Introduction
For the last year, I have been working on Claw, a development system for embedded devices.
It has a very small RAM footprint and can run on systems with as few as 2 KB of RAM.
The VM's own memory footprint is tiny and most of the RAM remains to be used by the applications.
Claw will probably support multitasking in it's operating system releases and also support CEFS (Claw embedded read-only file system) and FAT32 for loading (and storing) files from and to.
The files are streamed and therefore can be as large as 4 GB (on 32 bit VM's) or 64 KB (per executable) on 16 bit systems. 64 bit is supported as well, though 4 and 8 bit is not.
Claw features and assembly language and an high-level language that will compile to CXE executables that Claw can execute. On any platform, as Claw executables are binary compatible!
So you focus on your code and write and compile it once. Claw will deal with libraries and device specific hardware! But this freedom is of course still limited by hardware factors (e.g. it needs a screen to display graphics, or processor speed and RAM size).

Memory
Claw is entirely stack-based and uses three main stacks. There is a call-stack which stores the source address every time you call another function. As Claw has file system support built-in you can of course call functions from libraries dynamically. Dynamic linking is performed by Claw automatically, so you don't need to worry about library versions. The next stack is the work stack. It stores the function arguments, is used for arithmetic and other instructions and is arbitrarily accessible. The third stack is the array pool which programs use to allocate parts of memory to store data to. New memory can be allocated at any time but as in a stack, only the last array can be deallocated at a time. There cannot be holes in the memory map.

Supported platforms
The architectures and systems that I will port Claw to include but are not limited to 32- and 64-bit Intel and AMD computers running Windows, Linux or BSD; AVR (especially Arduino Uno and Mega); MIPS (routers); ARM and XTensa (ESP8266). Somebody might want to do a port the TI-84+CE and I might do a port to the TI-84+ if I find time.

Online IDE
There is also a planned online IDE that includes an online compiler as well as a standalone, offline compiler and assembler that runs on Windows, Linux, and BSD. The assembler also works for Mac OSX.

Open source
Claw is an open source project and is on GitHub: https://github.com/muessigb
The chosen license is as permissive as it gets: The "new" / "revised" 3-clause BSD license.
This means Claw can be used free of charge, can be modified and used in closed source and commercial projects, as long as the name is not miss-used and I get credited appropriately.

Development status
I have completed most of the assembler so far and a good part of the VM. The compiler is just a draft so far, but will be started soon. Most parts of Claw that are not yet made are already documented and planned but just not yet written.

Have fun!
This looks promising. I will wait until tests/demos are released.
This sounds awesome. But I'm a little perplexed by the choice of memory model. Most languages/VM's go for the simple one call/scoped data stack (per thread) and one heap for non-scoped data. It seems like splitting return pointers, scoped data, and arguments (which are really just scoped data) across three stacks would be inefficient, especially if the executable were to be compiled rather than interpreted. It also forces you to pick fixed sizes for each stack ahead of time, which makes it more likely that any single stack could overflow. And while a heap is a more complicated data structure than a stack and is more expensive to maintain, being able to allocate non-scoped data seems essential for any mildly advanced program.
Runer112 wrote:
This sounds awesome. But I'm a little perplexed by the choice of memory model. Most languages/VM's go for the simple one call/scoped data stack (per thread) and one heap for non-scoped data. It seems like splitting return pointers, scoped data, and arguments (which are really just scoped data) across three stacks would be inefficient, especially if the executable were to be compiled rather than interpreted. It also forces you to pick fixed sizes for each stack ahead of time, which makes it more likely that any single stack could overflow. And while a heap is a more complicated data structure than a stack and is more expensive to maintain, being able to allocate non-scoped data seems essential for any mildly advanced program.

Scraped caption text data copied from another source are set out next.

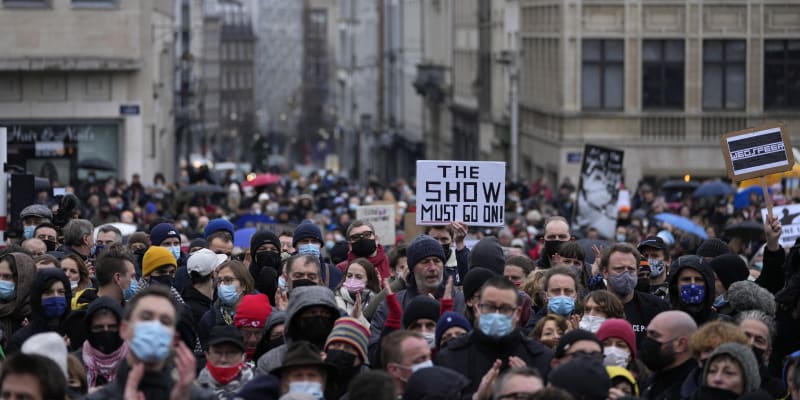 Tisíce lidí v Bruselu protestovaly proti uzavření divadel a kinosálů.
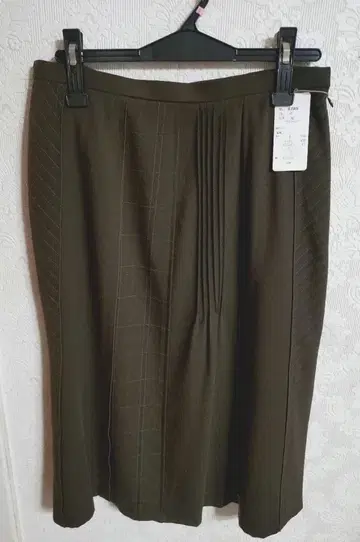 다크 브라운 타이트 스커트 70 사이즈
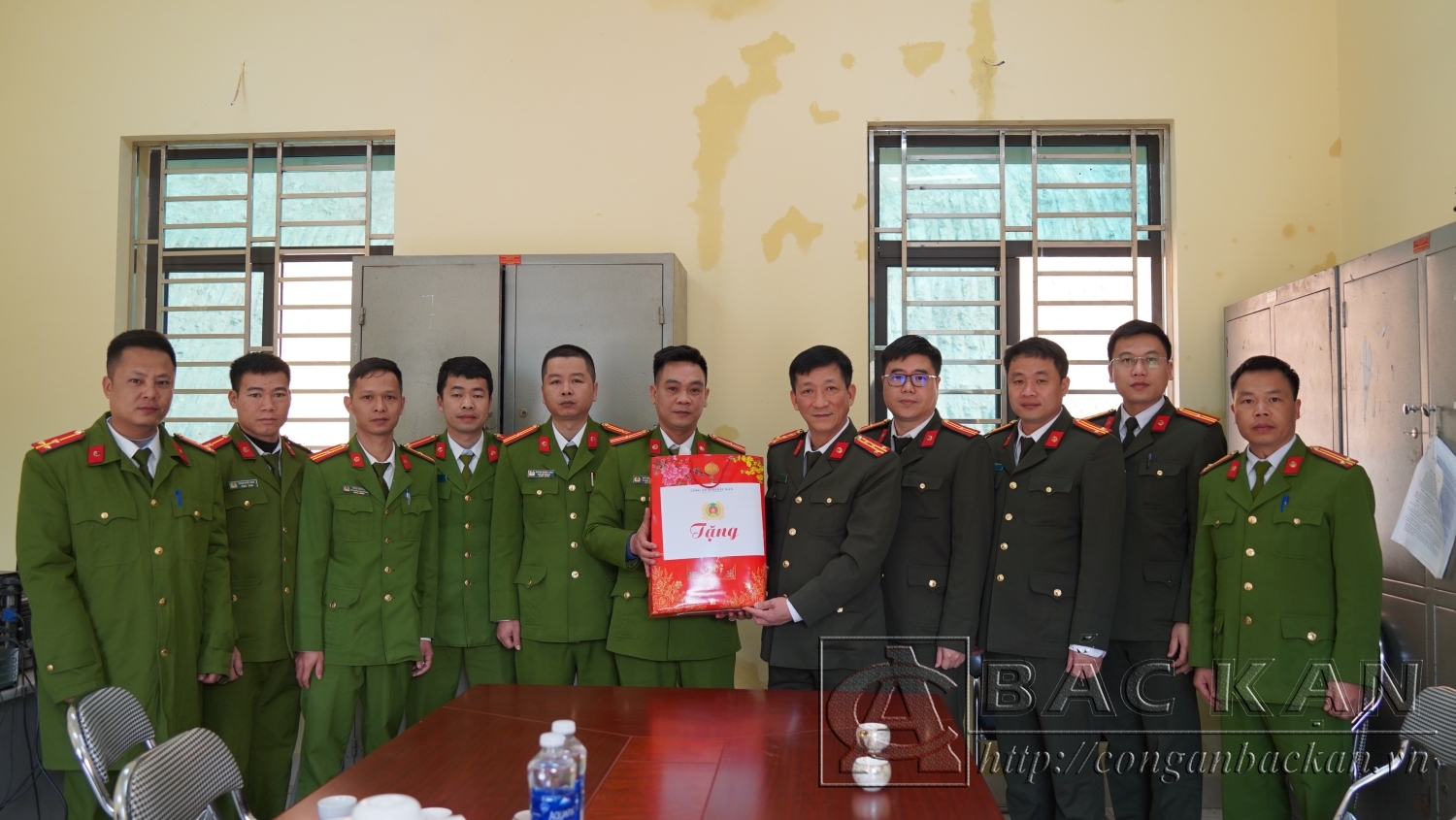 Đại tá Hà Trọng Trung, Phó Bí thư Đảng uỷ, Phó Giám đốc Công an tỉnh tặng quà Công an xã Quang Phong, huyện Na Rì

While you are right with this, the array pool is shared across the individual processes and might be reimplemented in a block-based manner and not a stack based allocation. All stacks in claw except for the callstack can and shall be accessed in an arbitrary way and every element is accessible. Claw also allows selection of an entry by either absolute index from the bottom or relative from the top. It does also allow resolving a relative to an absolute one to later allow for accessing that exact entry.
About stack sizes, they are defined on compilation of the virtual machine and not on runtime.
Bump, so I have a question.

So, how many levels of recursion shall there be maximal by default?


Also, I worked some more on the assembler which is really starting to get shape.
I'm concerned about a language imposing a maximum depth on recursion, other than what is permitted by the available stack space (unless that's what you mean)? The necessary maximum (or minimum, I suppose) recursion depth would vary widely by application, especially since in most languages with function calls, the size of each stack frame depends on the number and types of arguments to the recursive function.
KermMartian wrote:
I'm concerned about a language imposing a maximum depth on recursion, other than what is permitted by the available stack space (unless that's what you mean)? The necessary maximum (or minimum, I suppose) recursion depth would vary widely by application, especially since in most languages with function calls, the size of each stack frame depends on the number and types of arguments to the recursive function.

Well there has to be an assured minimal call stack size so programs don't crash on lower-end platforms. The call stack is separate from the main stack and both can and will be sized platform specific. This means there will be a minimal assured configuration and everything else can be probed and therefore allows the program to use all the platform specific features.
I fixed a ton of bugs since the last post and added quite a few new features.
Also I finished the mathematical part of the preprocessor.

So I need your help now, by testing the robustness of the preprocessor.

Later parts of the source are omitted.